> Directions
Your answer must be the exact lines from the one with "I'm Good In" to the end of the data, both included, with no pictures.

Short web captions

◇ ◇ ◇ ◇ ◇

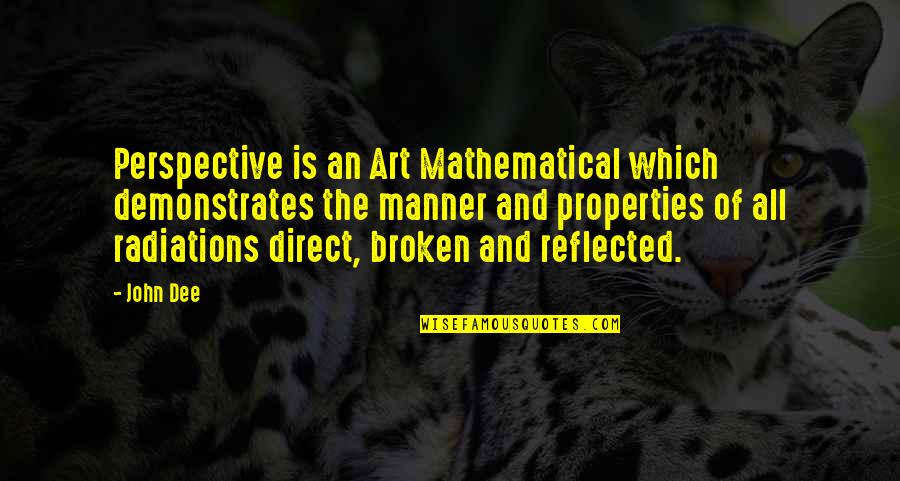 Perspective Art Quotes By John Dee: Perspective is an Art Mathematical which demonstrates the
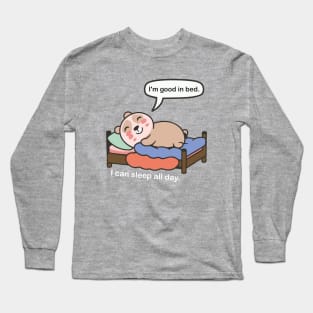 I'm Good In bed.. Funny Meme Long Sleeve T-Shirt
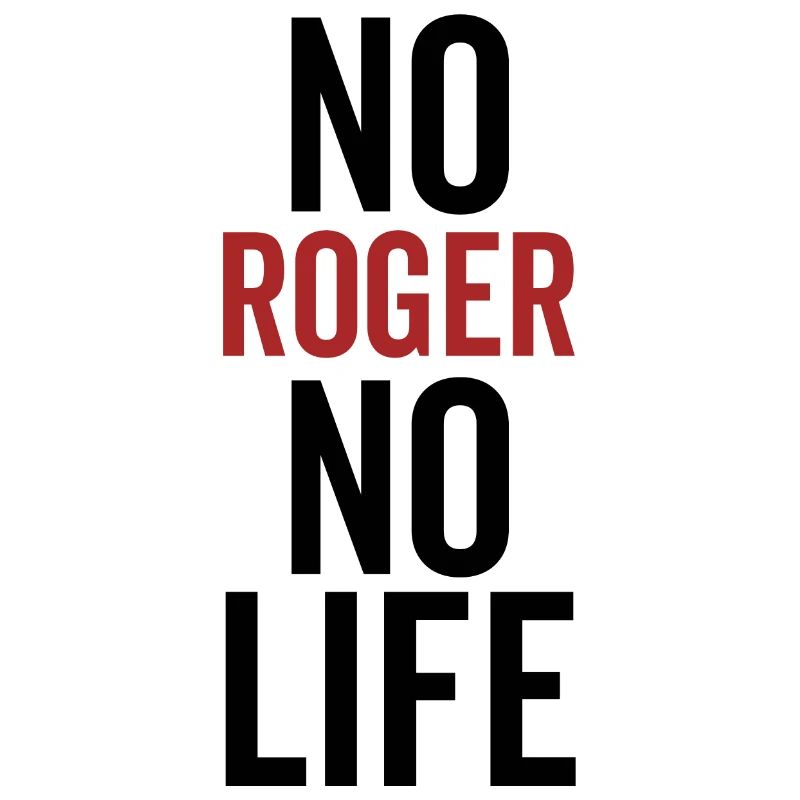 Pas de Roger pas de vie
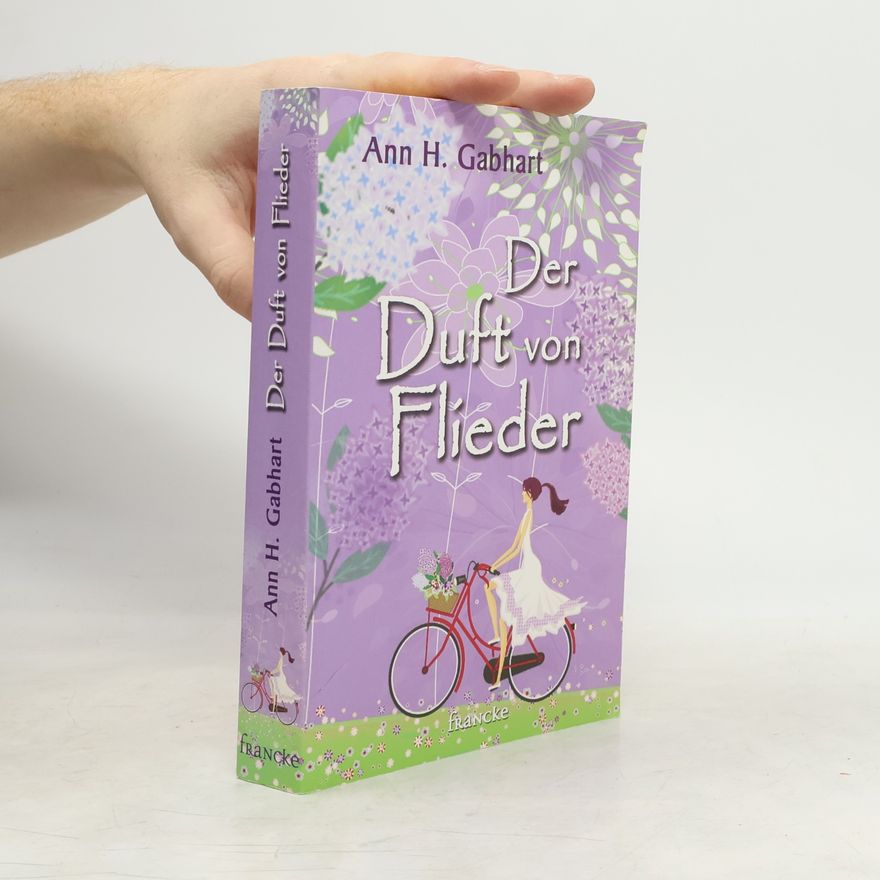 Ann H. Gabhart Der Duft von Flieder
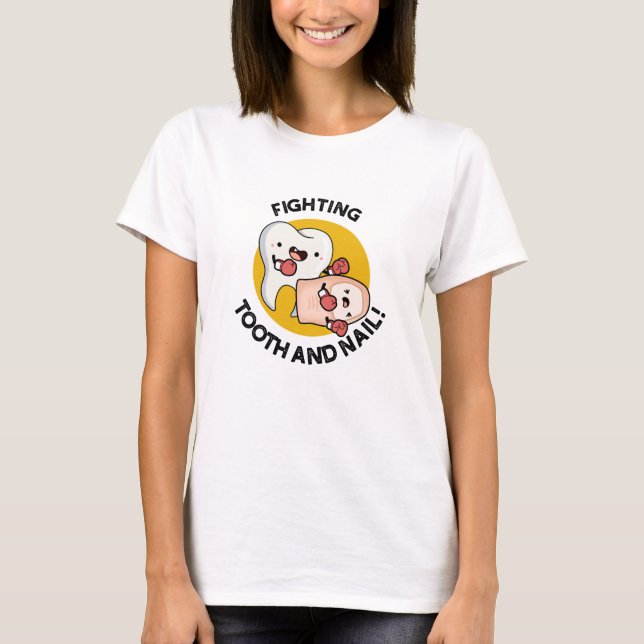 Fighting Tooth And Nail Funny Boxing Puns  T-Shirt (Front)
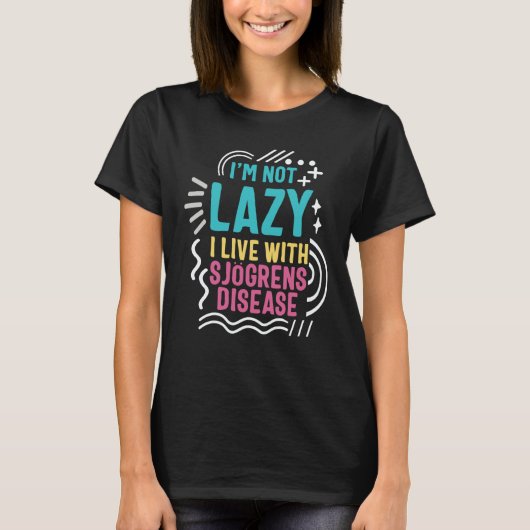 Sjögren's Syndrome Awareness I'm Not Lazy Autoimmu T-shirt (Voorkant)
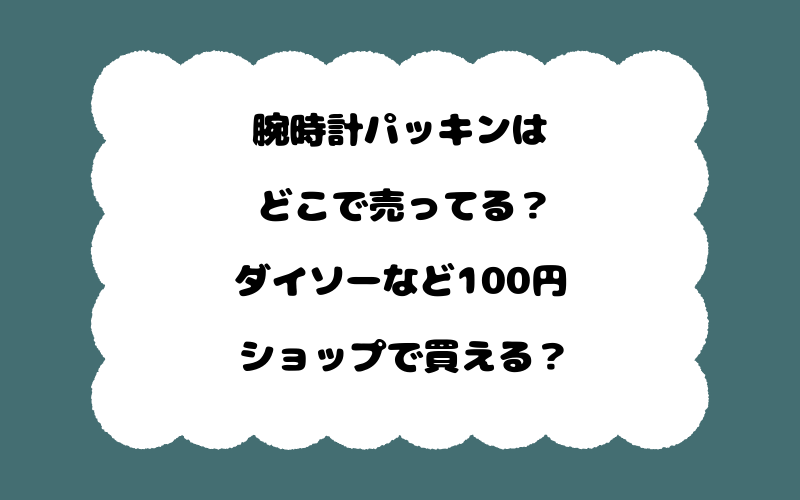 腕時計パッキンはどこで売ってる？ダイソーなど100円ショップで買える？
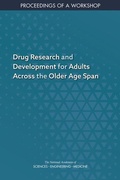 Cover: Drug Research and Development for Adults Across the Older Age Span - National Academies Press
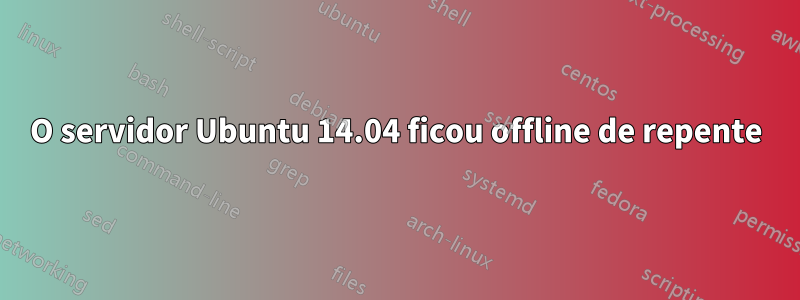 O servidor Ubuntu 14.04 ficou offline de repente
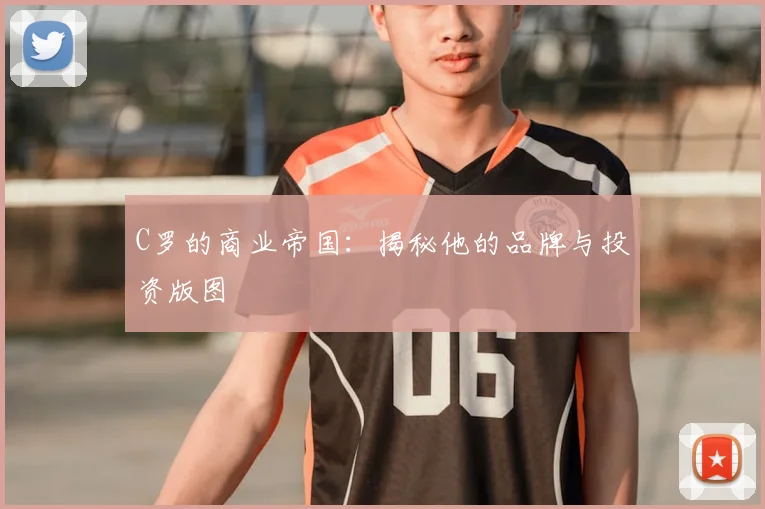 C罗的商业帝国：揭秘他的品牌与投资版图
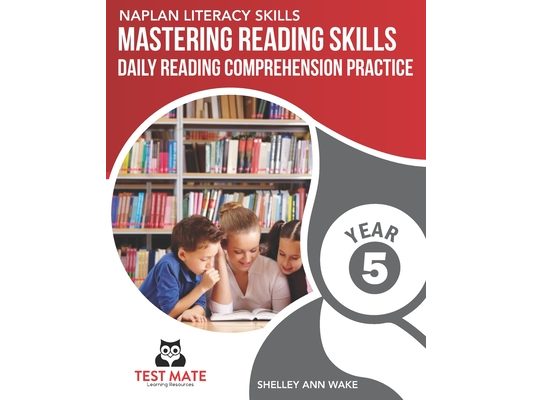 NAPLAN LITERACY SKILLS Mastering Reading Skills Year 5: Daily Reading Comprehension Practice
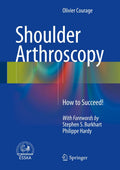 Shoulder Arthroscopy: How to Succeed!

◇ ◇ ◇ ◇ ◇

> Your response
 I'm Good In bed.. Funny Meme Long Sleeve T-Shirt
 Pas de Roger pas de vie
 Ann H. Gabhart Der Duft von Flieder
 Fighting Tooth And Nail Funny Boxing Puns  T-Shirt (Front)
 Sjögren's Syndrome Awareness I'm Not Lazy Autoimmu T-shirt (Voorkant)
 腕時計パッキンはどこで売ってる？ダイソーなど100円ショップで買える？
 Cover: Drug Research and Development for Adults Across the Older Age Span - National Academies Press
 O servidor Ubuntu 14.04 ficou offline de repente
 C罗的商业帝国：揭秘他的品牌与投资版图
 NAPLAN LITERACY SKILLS Mastering Reading Skills Year 5: Daily Reading Comprehension Practice
 Shoulder Arthroscopy: How to Succeed!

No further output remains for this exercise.